In the data below, begin at the line with "Menkeu Sri Mulyani" and stop after the line with "Enjoy 110Qm Apartment"; output those lines exactly and no pictures.

▶ [DATA SUPPLIED]:
---------------
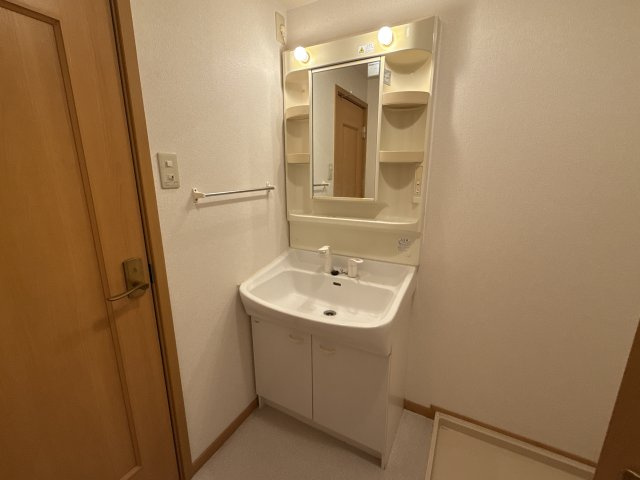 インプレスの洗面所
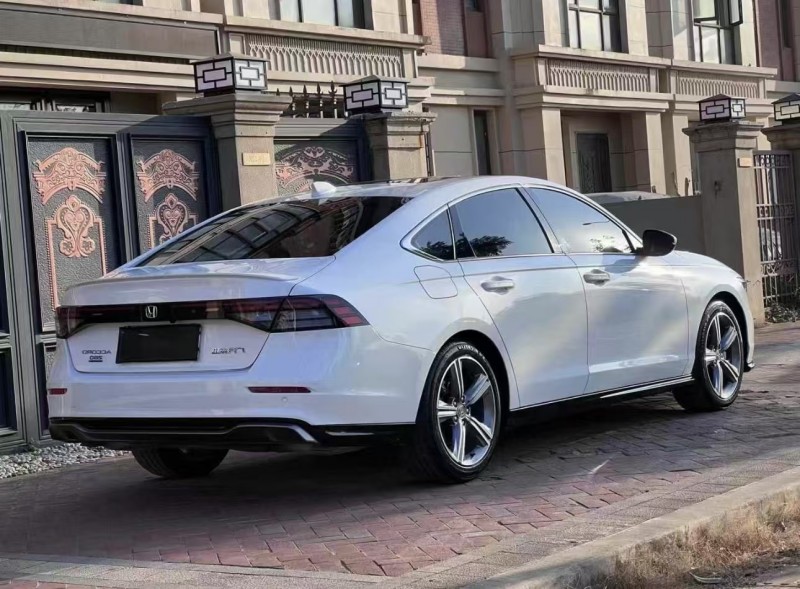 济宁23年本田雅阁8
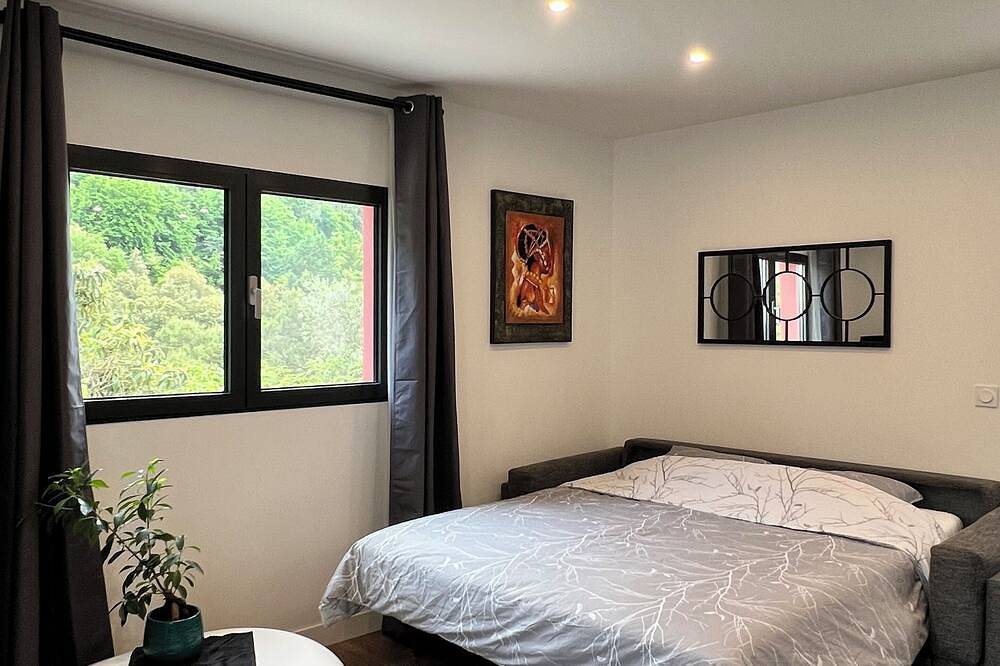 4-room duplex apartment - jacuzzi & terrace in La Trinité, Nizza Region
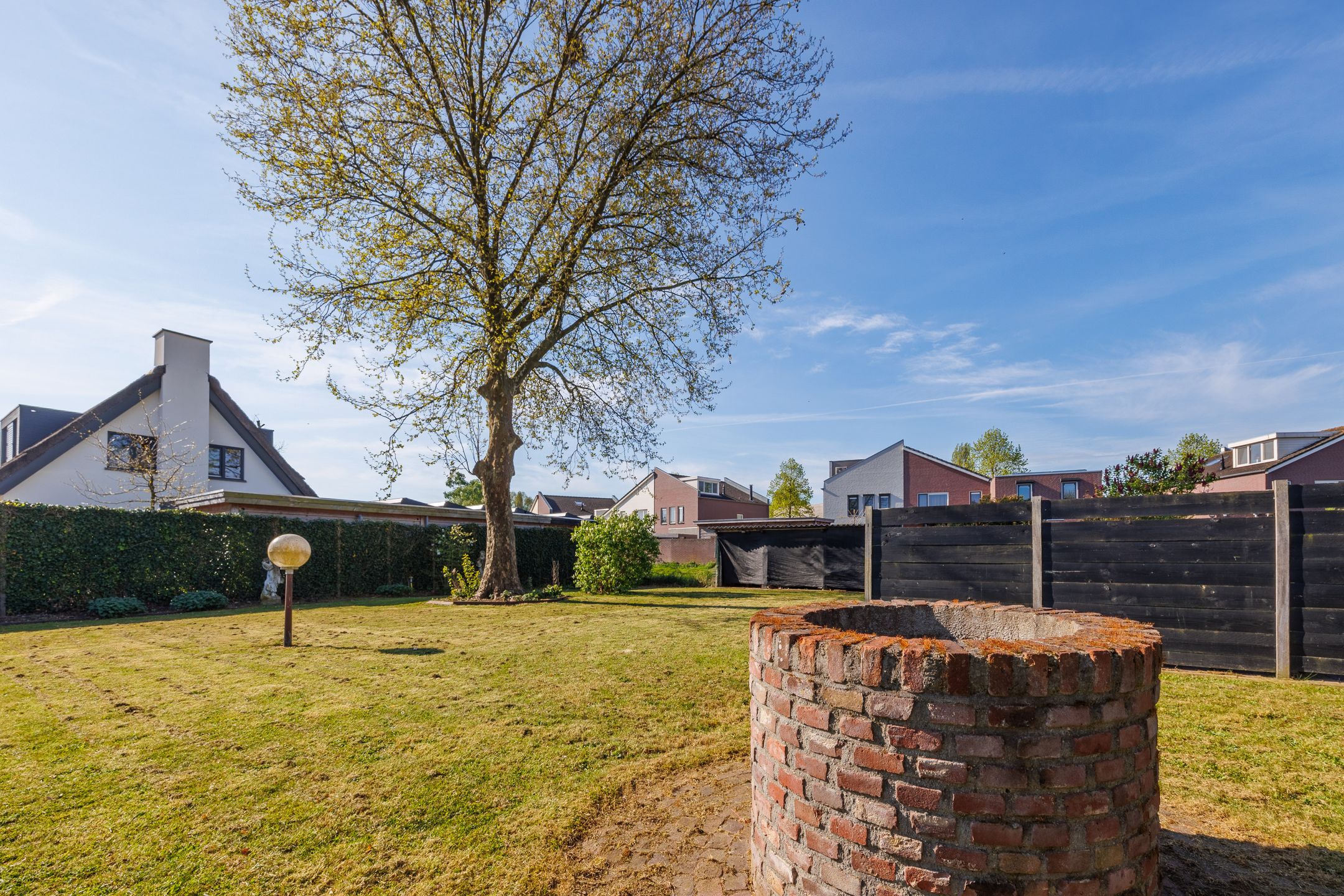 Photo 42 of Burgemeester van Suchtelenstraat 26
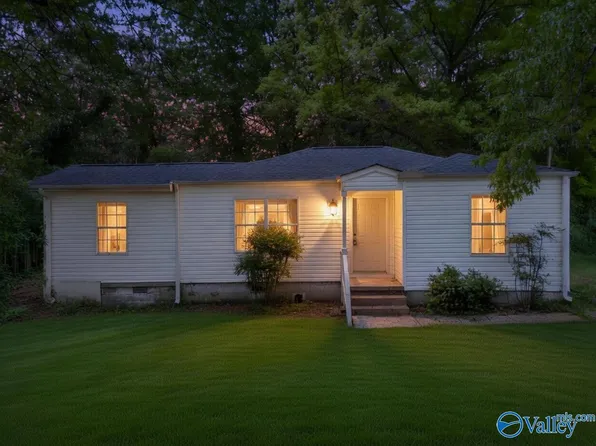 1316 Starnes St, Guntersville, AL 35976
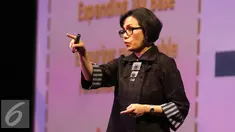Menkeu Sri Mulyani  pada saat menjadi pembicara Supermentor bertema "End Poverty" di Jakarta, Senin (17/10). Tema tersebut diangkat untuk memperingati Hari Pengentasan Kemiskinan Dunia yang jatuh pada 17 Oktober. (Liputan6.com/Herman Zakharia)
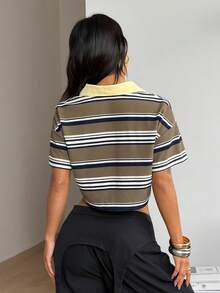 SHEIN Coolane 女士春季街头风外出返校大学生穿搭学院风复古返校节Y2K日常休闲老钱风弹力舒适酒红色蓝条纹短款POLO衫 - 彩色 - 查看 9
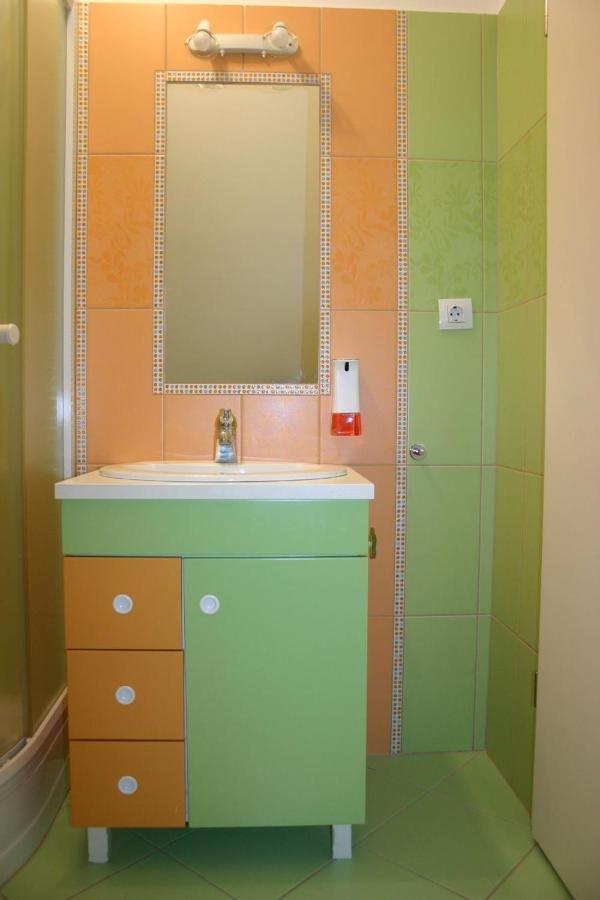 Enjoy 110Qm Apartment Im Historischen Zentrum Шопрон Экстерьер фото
---------------
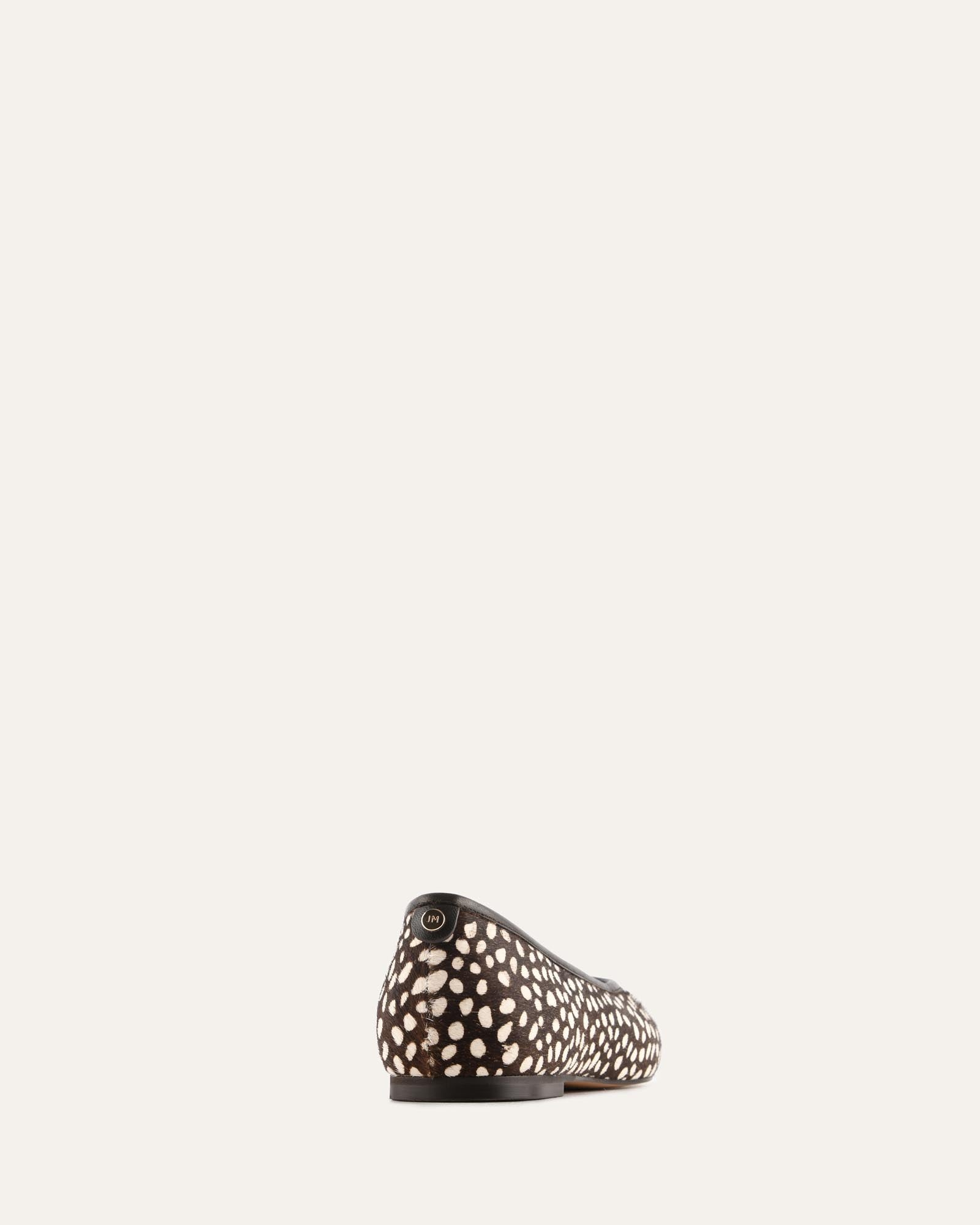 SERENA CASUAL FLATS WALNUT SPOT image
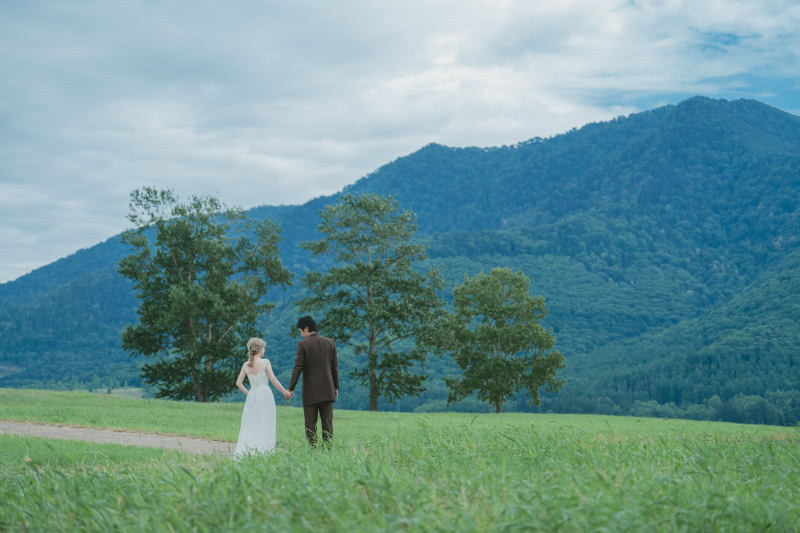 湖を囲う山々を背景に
---------------
▶ [RESULT]:
Menkeu Sri Mulyani  pada saat menjadi pembicara Supermentor bertema "End Poverty" di Jakarta, Senin (17/10). Tema tersebut diangkat untuk memperingati Hari Pengentasan Kemiskinan Dunia yang jatuh pada 17 Oktober. (Liputan6.com/Herman Zakharia)
 SHEIN Coolane 女士春季街头风外出返校大学生穿搭学院风复古返校节Y2K日常休闲老钱风弹力舒适酒红色蓝条纹短款POLO衫 - 彩色 - 查看 9
 Enjoy 110Qm Apartment Im Historischen Zentrum Шопрон Экстерьер фото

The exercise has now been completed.